В описании периода «политической» фазы эмиграции у Печерина выделяются два основных направления. Во-первых, он рисует шаржированные портреты революционеров, малоотличимых от жуликов и авантюристов. Наблюдение над ними приводит его к выводу о существовании революционной иерархии, страдающей всеми пороками иерархических закрытых систем. Другую часть повествования занимает описание его странствий, особенно подробно он рассказывает о пятинедельном пешем путешествии, вернее, бегстве из Цюриха, завершившемся случайной, но окончательной и роковой остановкой в Льеже.
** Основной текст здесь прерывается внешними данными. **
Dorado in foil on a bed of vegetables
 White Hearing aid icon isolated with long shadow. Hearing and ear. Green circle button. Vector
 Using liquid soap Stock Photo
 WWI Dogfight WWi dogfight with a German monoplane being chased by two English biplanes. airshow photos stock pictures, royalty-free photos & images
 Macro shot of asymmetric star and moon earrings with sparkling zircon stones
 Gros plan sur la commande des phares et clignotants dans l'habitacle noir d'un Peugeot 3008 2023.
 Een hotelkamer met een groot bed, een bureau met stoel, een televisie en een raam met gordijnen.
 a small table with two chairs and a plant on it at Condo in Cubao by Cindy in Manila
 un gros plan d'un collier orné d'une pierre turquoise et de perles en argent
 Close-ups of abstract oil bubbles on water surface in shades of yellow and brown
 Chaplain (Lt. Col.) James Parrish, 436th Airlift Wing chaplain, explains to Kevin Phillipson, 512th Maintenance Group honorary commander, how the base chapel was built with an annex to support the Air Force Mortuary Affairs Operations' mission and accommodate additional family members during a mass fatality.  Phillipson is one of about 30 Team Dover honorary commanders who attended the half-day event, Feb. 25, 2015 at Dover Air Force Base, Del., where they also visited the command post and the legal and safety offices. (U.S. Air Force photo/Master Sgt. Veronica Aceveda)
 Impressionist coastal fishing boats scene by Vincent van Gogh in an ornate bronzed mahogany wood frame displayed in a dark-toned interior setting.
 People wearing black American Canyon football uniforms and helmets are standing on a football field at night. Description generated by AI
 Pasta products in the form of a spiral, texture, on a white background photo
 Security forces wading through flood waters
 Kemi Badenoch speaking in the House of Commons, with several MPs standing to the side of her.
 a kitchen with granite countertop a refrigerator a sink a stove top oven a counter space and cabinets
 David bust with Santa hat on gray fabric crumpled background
Описание этого пешего путешествия и является «переправой в иное царство», «осью, серединой сказки», самым ярким моментом его перехода от состояния русского политического эмигранта, принадлежащего к своего рода республиканской аристократии, – к положению «бесприютного нищего», голодного и почти нагого, утратившего все привилегии своего класса, кроме развитого сознания и обширных знаний. Пунктиром этого перехода служит замечательное описание смены одежд, переодевания, которым сопровождается каждый этап его пути на дно. Началось с того, что, будучи в Цюрихе в крайней нужде, мечтая, как он шутливо пишет, продать душу дьяволу, который так и не явился, хотя он призывал его «с теплою верою и твердым упованием», Печерин должен был «заложить жиду» свой «славный петербургский плащ». Вырученных денег на уплату хозяйке за квартиру недоставало, и он попросту оставил город, выйдя прекрасным майским утром прогуляться по большой дороге в Базель, пограничный пункт между Швейцарией и Францией. «На мне был щегольской сюртук, – повествует Печерин, – жилет и панталоны совершенно новые, только с иголочки (разумеется в долг). Я был совершенно налегке, вовсе не по-дорожному, а так просто фланирующий господин» (РО: 188). Благополучно перейдя границу, он оказался во Франции, «обетованной земле, таинственном пределе мечтаний и надежд» не только его детства и юности, как он с иронией говорит, но и всей либерально мыслящей части русской интеллигенции. Заплатив последние два франка за визу в паспорте, он остался без копейки в кармане и без «облачка заботы на сердце».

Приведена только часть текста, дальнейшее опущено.